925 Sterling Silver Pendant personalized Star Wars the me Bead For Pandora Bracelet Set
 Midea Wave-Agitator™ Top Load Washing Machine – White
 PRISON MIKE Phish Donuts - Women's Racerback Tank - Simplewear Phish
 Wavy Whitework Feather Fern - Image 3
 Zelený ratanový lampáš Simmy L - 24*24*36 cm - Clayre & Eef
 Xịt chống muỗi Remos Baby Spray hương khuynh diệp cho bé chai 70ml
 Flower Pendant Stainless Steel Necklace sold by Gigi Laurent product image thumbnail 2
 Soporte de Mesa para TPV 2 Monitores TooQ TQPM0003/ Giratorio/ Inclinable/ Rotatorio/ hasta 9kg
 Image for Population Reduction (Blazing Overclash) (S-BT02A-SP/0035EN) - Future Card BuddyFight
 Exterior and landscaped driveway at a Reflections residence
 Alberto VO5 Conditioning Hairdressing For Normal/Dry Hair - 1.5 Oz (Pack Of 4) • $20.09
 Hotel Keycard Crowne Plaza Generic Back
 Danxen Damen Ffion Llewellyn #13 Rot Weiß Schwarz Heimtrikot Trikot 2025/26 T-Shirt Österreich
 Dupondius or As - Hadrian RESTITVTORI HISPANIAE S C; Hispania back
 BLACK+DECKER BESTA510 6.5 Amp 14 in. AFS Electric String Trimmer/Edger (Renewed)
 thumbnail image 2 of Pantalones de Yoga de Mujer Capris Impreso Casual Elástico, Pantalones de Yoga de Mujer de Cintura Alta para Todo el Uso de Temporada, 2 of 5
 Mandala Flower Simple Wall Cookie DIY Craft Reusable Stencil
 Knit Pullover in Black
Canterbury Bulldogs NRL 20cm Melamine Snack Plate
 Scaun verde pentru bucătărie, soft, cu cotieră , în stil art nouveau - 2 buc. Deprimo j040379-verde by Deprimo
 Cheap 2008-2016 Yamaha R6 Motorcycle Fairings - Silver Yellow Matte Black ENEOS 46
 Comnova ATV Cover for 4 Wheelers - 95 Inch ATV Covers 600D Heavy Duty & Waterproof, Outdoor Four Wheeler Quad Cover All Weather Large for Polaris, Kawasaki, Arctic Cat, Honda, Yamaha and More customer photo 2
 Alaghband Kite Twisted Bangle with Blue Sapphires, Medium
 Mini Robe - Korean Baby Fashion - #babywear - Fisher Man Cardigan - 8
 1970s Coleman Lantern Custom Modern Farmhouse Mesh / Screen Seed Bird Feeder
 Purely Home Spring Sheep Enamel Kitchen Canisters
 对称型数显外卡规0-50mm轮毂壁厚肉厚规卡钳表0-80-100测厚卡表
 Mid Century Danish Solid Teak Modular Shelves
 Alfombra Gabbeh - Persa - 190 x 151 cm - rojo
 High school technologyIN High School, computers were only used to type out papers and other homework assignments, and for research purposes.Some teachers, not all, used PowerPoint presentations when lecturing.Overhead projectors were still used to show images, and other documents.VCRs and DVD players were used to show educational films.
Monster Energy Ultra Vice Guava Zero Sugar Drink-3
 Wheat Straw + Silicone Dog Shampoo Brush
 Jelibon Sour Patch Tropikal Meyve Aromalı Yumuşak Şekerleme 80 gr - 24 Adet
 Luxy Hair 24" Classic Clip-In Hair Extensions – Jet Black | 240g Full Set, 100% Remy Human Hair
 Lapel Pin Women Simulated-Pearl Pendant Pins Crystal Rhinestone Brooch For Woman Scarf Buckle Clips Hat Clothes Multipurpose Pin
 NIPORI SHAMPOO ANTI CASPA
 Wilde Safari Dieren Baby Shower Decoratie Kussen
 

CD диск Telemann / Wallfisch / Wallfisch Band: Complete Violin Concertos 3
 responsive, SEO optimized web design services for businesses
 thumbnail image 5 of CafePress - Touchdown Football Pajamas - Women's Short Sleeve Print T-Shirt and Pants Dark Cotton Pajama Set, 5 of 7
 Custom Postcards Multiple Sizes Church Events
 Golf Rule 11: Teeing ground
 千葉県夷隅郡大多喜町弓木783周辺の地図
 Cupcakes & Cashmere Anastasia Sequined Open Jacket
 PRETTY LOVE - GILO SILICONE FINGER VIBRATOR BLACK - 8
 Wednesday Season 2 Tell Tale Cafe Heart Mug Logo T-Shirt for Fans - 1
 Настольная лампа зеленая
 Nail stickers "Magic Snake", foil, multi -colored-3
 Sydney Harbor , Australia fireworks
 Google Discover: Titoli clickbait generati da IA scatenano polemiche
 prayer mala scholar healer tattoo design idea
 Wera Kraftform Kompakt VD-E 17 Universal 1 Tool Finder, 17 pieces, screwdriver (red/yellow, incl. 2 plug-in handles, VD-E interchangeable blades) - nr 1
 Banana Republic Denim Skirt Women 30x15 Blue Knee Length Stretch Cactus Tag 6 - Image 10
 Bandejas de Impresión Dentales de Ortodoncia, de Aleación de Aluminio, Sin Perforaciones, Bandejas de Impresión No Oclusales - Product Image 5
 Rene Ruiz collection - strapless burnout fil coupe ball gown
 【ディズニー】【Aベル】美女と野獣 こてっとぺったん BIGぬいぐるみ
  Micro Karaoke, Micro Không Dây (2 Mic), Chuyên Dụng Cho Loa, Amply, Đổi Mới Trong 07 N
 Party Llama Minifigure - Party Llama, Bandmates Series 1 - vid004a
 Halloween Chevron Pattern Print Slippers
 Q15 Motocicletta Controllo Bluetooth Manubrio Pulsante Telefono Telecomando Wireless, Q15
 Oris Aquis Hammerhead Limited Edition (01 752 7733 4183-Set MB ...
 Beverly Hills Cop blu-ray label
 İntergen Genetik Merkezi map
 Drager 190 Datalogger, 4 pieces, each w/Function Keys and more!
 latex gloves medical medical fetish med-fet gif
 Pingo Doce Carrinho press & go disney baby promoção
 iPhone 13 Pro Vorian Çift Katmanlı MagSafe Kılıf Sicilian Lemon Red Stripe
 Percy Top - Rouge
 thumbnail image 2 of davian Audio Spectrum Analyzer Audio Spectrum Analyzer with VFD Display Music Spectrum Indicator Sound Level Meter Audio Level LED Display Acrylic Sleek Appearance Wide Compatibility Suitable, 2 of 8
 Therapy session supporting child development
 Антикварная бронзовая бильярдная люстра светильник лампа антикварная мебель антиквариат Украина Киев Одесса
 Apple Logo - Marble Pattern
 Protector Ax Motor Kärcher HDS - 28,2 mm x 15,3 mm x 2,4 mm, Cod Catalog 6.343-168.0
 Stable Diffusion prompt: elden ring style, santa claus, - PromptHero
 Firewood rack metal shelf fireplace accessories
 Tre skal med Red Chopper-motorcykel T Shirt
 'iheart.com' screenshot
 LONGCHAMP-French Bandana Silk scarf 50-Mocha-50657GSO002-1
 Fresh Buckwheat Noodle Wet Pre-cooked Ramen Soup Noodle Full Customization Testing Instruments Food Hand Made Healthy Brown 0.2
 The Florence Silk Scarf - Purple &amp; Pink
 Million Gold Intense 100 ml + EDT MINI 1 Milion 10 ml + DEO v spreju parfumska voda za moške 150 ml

* * * * *

▸ **About this task**:
Filter the entries and copy each line with "лампа".

▸ **Your solution**:
 Настольная лампа зеленая
 Антикварная бронзовая бильярдная люстра светильник лампа антикварная мебель антиквариат Украина Киев Одесса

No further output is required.